## Task prompt:
Please print exactly the lines from the one containing "4443 Cedar Wood Street NE Rockford MI 49341" through the last line of the records, and only those. Leave out any pictures.

Short descriptive text snippets:
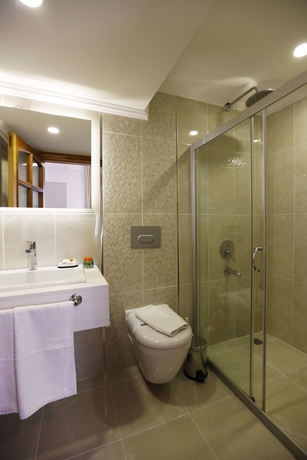 Imagen de la habitación del Himm Hotel. Foto 16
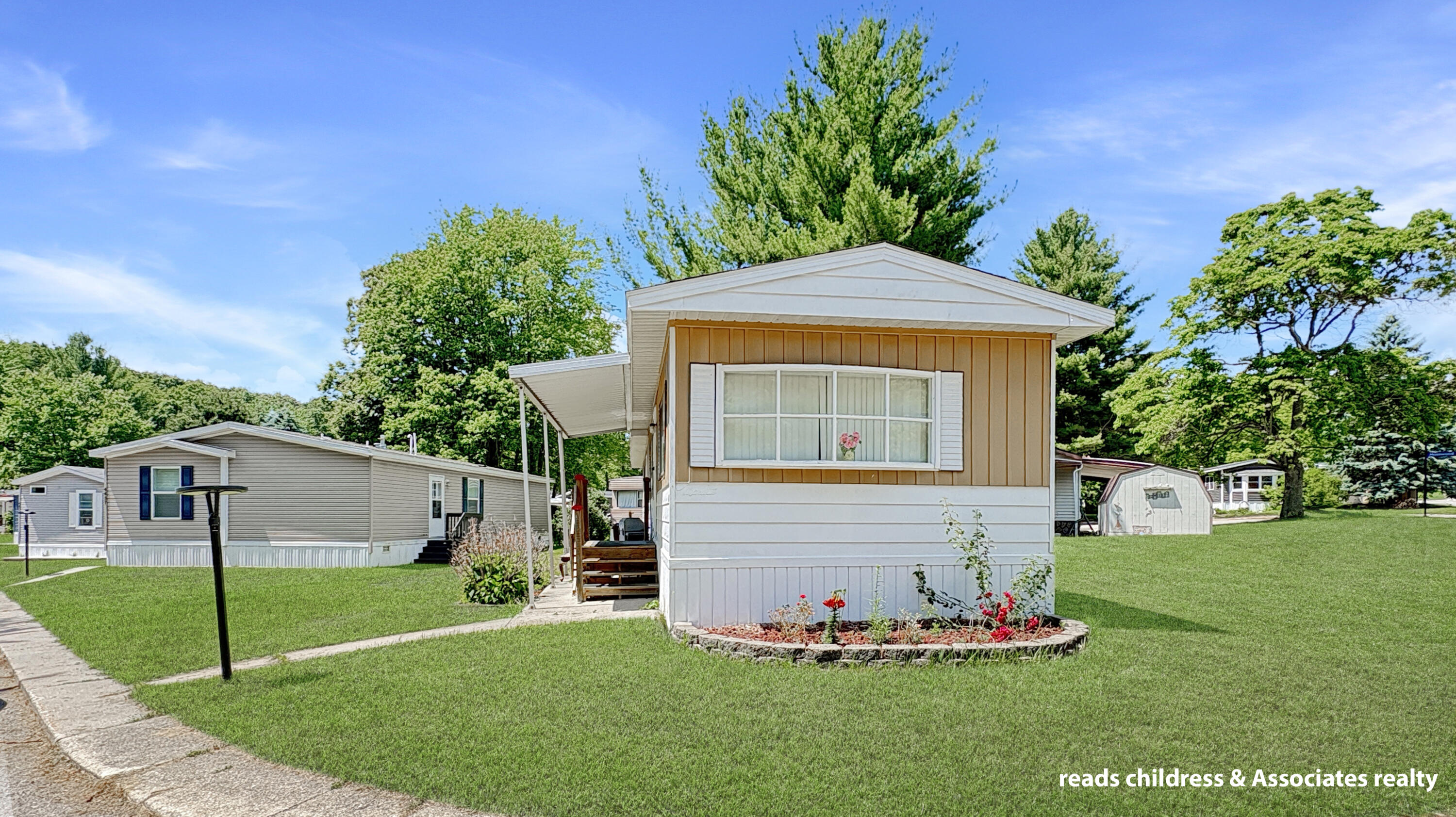 4443 Cedar Wood Street NE Rockford MI 49341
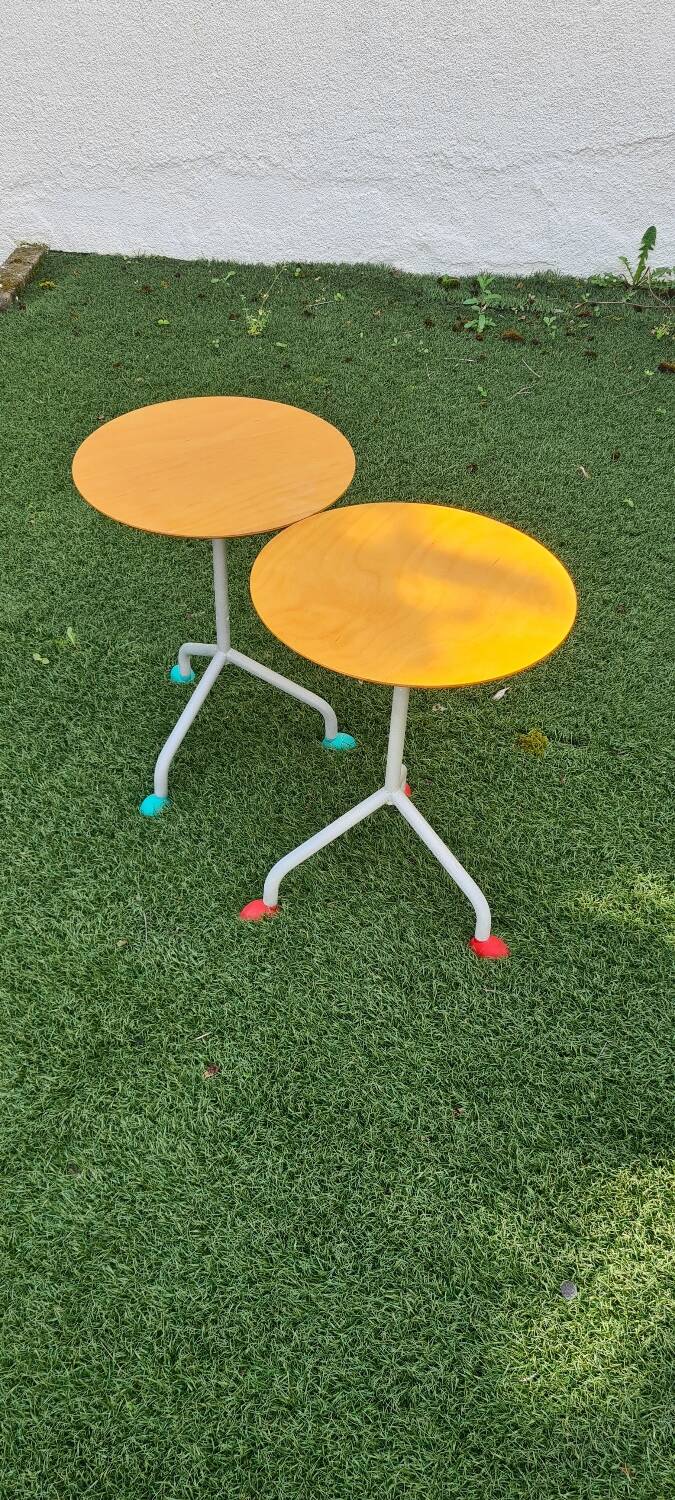 Duo of 80' sofa harnesses / bedside tables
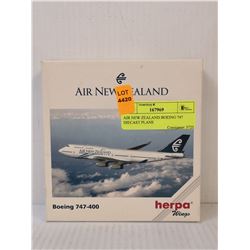 AIR NEW ZEALAND BOEING 747 DIECAST PLANE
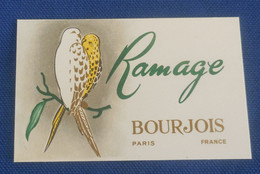 BOURJOIS Paris France - Ancienne Carte Parfumée Publicitaire RAMAGE - 2 Perruches Blanche Et Jaune / Très Bon état - Profumeria Antica (fino Al 1960)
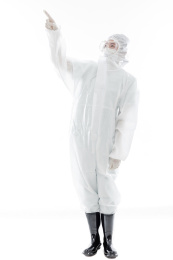 白色背景前的医护人员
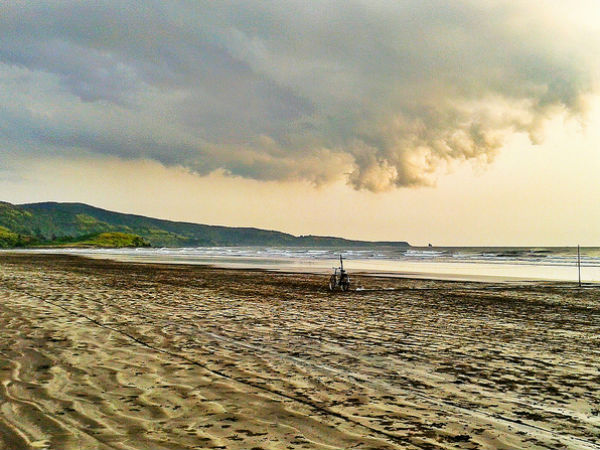 beach town of diveagar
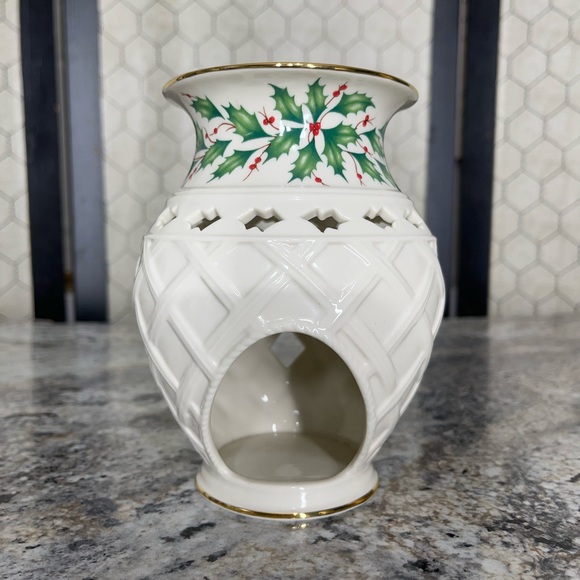 Lenox Holiday Holly Tart Burner - Picture 3 of 8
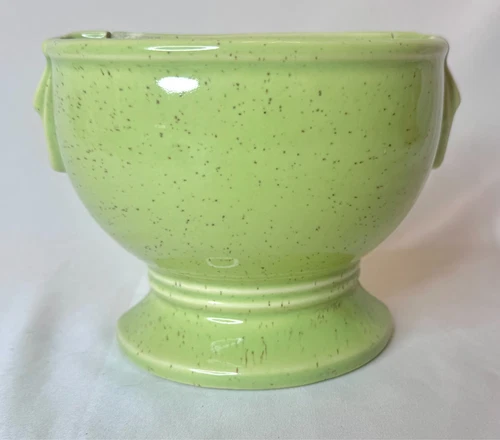 VINTAGE McCOY ART POTTERY USA GREEN SPECKLED HALF ROUND WALL POCKET PLANTER VASE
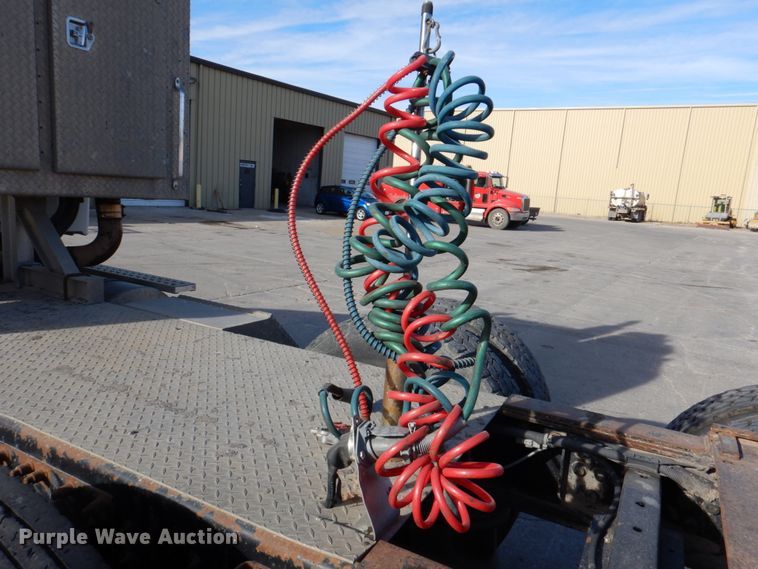 image for item DN2559 2001 Sterling L-Line  semi truck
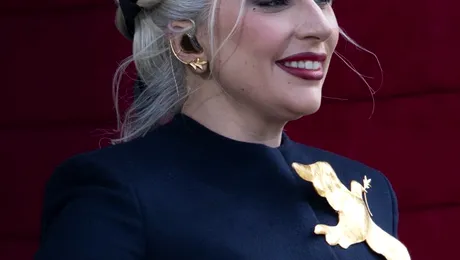 Cumpără vedetele de la supermarket?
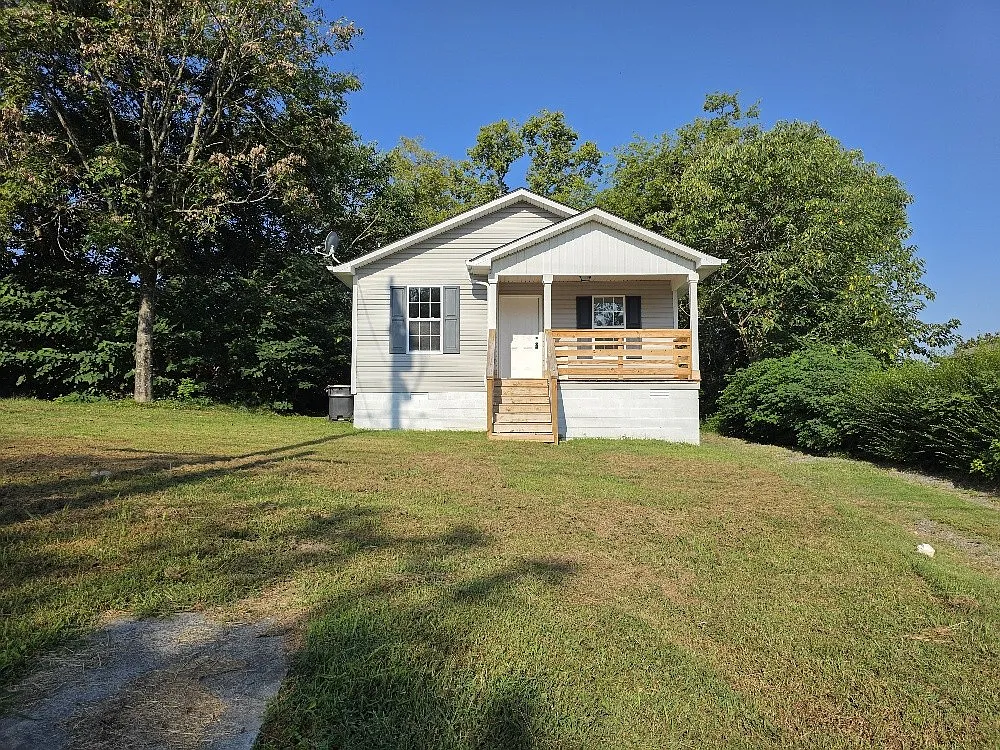3 bed, 2.0 bath, 1048 sqft, $1,800 — Photo 1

## Solved problem:
 4443 Cedar Wood Street NE Rockford MI 49341
 Duo of 80' sofa harnesses / bedside tables
 AIR NEW ZEALAND BOEING 747 DIECAST PLANE
 BOURJOIS Paris France - Ancienne Carte Parfumée Publicitaire RAMAGE - 2 Perruches Blanche Et Jaune / Très Bon état - Profumeria Antica (fino Al 1960)
 白色背景前的医护人员
 beach town of diveagar
 Lenox Holiday Holly Tart Burner - Picture 3 of 8
 VINTAGE McCOY ART POTTERY USA GREEN SPECKLED HALF ROUND WALL POCKET PLANTER VASE
 image for item DN2559 2001 Sterling L-Line  semi truck
 Cumpără vedetele de la supermarket?
3 bed, 2.0 bath, 1048 sqft, $1,800 — Photo 1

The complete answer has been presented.